Ogni epoca ha il suo modo di esprimere l’arte. Imitare un capolavoro del passato non è arte: è una montatura. Ciò che dà valore ad un’opera sono quelle caratteristiche che la rendono diversa dalle altre. Questo s’intende per stile di un determinato periodo.
Da un certo punto di vista, i nostalgici sembrano avere delle ragioni. Le ultime generazioni non hanno lasciato in eredità ai posteri monumenti come le piramidi, i templi greci, le cattedrali gotiche e le chiese e i palazzi del Rinascimento e dell’epoca barocca. Nell’ultimo secolo sono state costruite molte chiese e anche varie cattedrali, oltre a un gran numero di palazzi governativi, scuole, biblioteche. Ma nessuna di queste strutture mostra tratti di originalità; riflettono anzi antichi stili, o ne mescolano alcuni. Anche se sarebbe piatta pedanteria non apprezzare la particolare grandezza di qualcosa come la skyline di New York, si può ammettere che l’architettura moderna non è stata in grado di mostrare la sua peculiarità come quella dei secoli passati.
Le ragioni sono parecchie. Per quanto riguarda le strutture religiose, ad arrestare ogni innovazione è stato lo spiccato spirito conservatore delle chiese.
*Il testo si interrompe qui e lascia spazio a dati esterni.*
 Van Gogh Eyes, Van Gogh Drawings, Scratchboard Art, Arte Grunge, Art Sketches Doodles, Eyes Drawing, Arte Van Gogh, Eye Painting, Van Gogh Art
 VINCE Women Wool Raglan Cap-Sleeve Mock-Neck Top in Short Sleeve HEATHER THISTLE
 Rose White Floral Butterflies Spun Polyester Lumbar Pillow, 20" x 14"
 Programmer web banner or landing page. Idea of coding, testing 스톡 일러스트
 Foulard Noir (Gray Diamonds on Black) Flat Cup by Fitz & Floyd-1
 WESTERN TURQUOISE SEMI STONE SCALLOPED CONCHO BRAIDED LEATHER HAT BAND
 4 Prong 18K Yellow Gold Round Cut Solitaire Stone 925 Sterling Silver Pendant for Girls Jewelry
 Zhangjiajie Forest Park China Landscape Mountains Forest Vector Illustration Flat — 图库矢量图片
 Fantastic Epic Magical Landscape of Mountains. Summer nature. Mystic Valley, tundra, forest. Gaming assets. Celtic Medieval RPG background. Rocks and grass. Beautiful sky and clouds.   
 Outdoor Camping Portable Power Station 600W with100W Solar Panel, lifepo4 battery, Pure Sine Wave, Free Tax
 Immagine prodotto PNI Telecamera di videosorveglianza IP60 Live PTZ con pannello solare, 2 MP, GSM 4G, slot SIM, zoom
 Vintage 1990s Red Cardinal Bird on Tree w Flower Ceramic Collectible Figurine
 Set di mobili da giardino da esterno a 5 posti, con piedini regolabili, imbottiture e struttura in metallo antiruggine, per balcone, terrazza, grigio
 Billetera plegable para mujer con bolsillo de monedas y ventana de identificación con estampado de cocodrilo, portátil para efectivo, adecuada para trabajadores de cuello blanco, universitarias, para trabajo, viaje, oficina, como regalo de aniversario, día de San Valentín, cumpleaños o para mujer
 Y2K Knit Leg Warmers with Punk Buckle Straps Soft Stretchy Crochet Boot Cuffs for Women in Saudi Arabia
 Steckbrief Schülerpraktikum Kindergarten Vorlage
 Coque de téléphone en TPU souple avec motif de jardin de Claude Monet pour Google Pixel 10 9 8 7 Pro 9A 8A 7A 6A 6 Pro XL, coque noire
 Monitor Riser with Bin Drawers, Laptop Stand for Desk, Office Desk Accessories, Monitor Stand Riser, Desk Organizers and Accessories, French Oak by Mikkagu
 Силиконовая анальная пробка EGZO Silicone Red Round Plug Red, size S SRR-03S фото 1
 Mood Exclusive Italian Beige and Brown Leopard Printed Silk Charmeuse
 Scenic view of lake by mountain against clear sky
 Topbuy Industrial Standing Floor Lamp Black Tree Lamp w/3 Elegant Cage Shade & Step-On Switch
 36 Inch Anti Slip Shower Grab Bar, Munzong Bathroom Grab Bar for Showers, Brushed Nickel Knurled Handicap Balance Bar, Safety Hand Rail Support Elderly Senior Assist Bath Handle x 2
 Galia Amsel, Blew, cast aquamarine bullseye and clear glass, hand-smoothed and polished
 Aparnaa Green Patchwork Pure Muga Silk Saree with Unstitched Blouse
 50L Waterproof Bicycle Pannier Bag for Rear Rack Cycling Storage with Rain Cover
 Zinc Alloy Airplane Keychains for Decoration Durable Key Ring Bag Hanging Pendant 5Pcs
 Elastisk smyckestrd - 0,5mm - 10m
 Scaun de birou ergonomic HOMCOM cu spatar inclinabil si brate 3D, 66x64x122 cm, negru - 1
La decadenza delle aristocrazie e delle dinastie spense l’impulso a costruire nuovi palazzi. La ricchezza degli imprenditori e dei capitalisti, nonostante tutto ciò che i loro demagogici detrattori sono soliti inventare, è tanto inferiore rispetto a quella dei re e dei principi che essi non possono permettersi costruzioni tanto sontuose. Nessuno, oggi, è abbastanza ricco da progettare una reggia come quella di Versailles o un palazzo come l’Escorial. L’ordine di costruire palazzi governativi non è più emanato da signori, che erano un tempo liberi, noncuranti dell’opinione pubblica, di scegliere maestranze che tenevano molto in considerazione e farsi garanti di un progetto inviso alla stragrande maggioranza. I committenti difficilmente si fidano, oggi, delle idee di coraggiosi pionieri. Preferiscono non rischiare.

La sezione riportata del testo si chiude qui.